Je vous dirai seulement que cette petite excursion en Allemagne a été la plus charmante que j’aie jamais faite dans ce pays-là. Ils m’ont comblé, gâté, embrassé, grisé (dans le sens moral). Tout cet orchestre, tous ces chanteurs, acteurs, comédiens, tragédiens, directeurs, intendants réunis au dîner de l’hôtel de ville la nuit de mon départ, représentaient un ordre d’idées et de sentiments qu’on ne soupçonne pas en France. J’ai fini par pleurer comme deux douzaines de veaux, en songeant à ce que ce même Benvenuto m’a valu de chagrins à Paris. Cet excellent Liszt a été adorable de bonté, d’abnégation, de zèle, de dévouement. La famille ducale m’a comblé de toutes façons. Les jeunes princesses de Prusse ont été d’une grâce ravissante, elles ont eu des mots… surtout sur Roméo et Juliette, que nous avons exécuté en entier avec un chœur superbe de cent vingt voix. Puis le bouillant Griepenkerl, qui était venu de Brunswick et qui a oublié le peu de français qu’il savait, m’a dit, après la première représentation de Benvenuto, en m’embrassant avec fureur : E pur si muove, mon cher ! e pur si muove ! J’ai retouché quelques petites choses dans la partition, et arrangé le livret de manière à ce qu’il marche bien maintenant. On s’occupe de le traduire en italien.

Mais tout cela ne doit pas me faire oublier nos grandes solennités de Londres !… Il fallait voir cet immense public d’Exeter Hall, lancé après les morceaux de Roméo et de Faust !… et ces hourras de notre grand orchestre !… ah ! je vous ai bien souvent cherché, le soir, en rentrant, quand nous soupions avec ces Anglais, enthousiastes réels, au rhum, au vin de champagne glacés. Quel singulier, mais quel grand peuple ! il comprend tout ! ou du moins on y trouve des gens pour tout comprendre.

Eh bien, Beale, après m’avoir prévenu, il y a un mois, que j’allais recevoir mon engagement pour la saison prochaine, m’écrit il y a huit jours, qu’il vient de donner sa démission du Comité, parce que l’un de mes chefs d’orchestre a trouvé le moyen d’obtenir qu’on ne m’engageât pas. Il a été tellement berné l’an dernier par les artistes, par le public et par la presse, qu’il veut l’an prochain, dit-il, prendre sa revanche en se choisissant un partenaire moins incommode. Il veut faire engager le vieux Spohr. Je ne pouvais pourtant pas, pour être agréable à ce monsieur, conduire en dépit du bon sens, c’est-à-dire comme il conduisait lui-même. Il ne veut qu’un borgne ou un aveugle pour associé et je ne portais pas même de lunettes.
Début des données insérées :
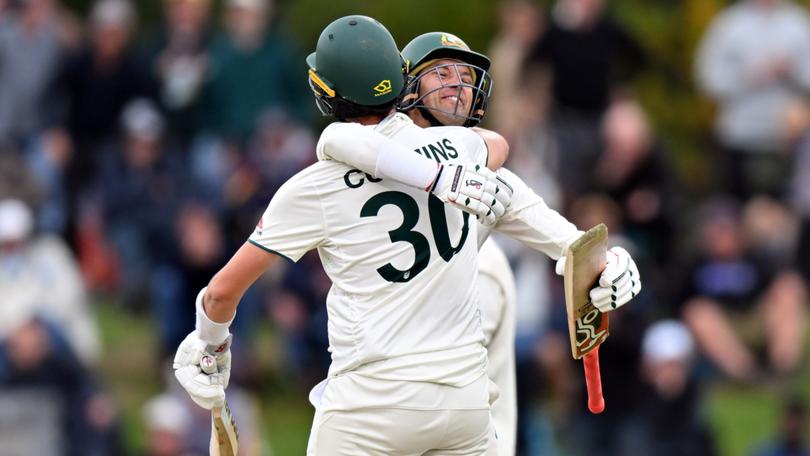 Pat Cummins and Alex Carey celebrate their win.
Ceci est fatal ;… mais ni moi ni nos amis de Londres, nous n’y pouvons rien. On me parle maintenant d’autres projets, toujours pour l’Angleterre ; ce sera bientôt décidé. Ici rien, toujours rien. Le Te Deum est en l’air, on en parle ; mais l’empereur ne veut pas dire un mot. Il renvoie sa décision à trois ou quatre mois. Il est même question pour moi de sa chapelle. Je laisse faire et dire, et je ne crois à rien. Je connais trop mon pays et mon monde. Mon livre des Soirées de l’orchestre réussit ; on en parle beaucoup. Je vais vous l’envoyer.

Mille amitiés à Lecourt. Oh ! comme il aurait ri, bu et blagué à Weimar, s’il y fût venu !… Nous avions du monde de tous les environs, de Leipzig, de Iéna, de Brunswick, de Hanovre, d’Erfurth, d’Eisenach, de Dresde même, et jusqu’à Chorley qui était venu de Londres. Celui-là aime Benvenuto et ne comprend rien à Roméo ! qu’y faire ? Certes non, le pauvre M*** n’a pas pu vous remplacer au Requiem !…

Adieu, mon cher Morel ; il est une heure du matin et ma bougie est finie.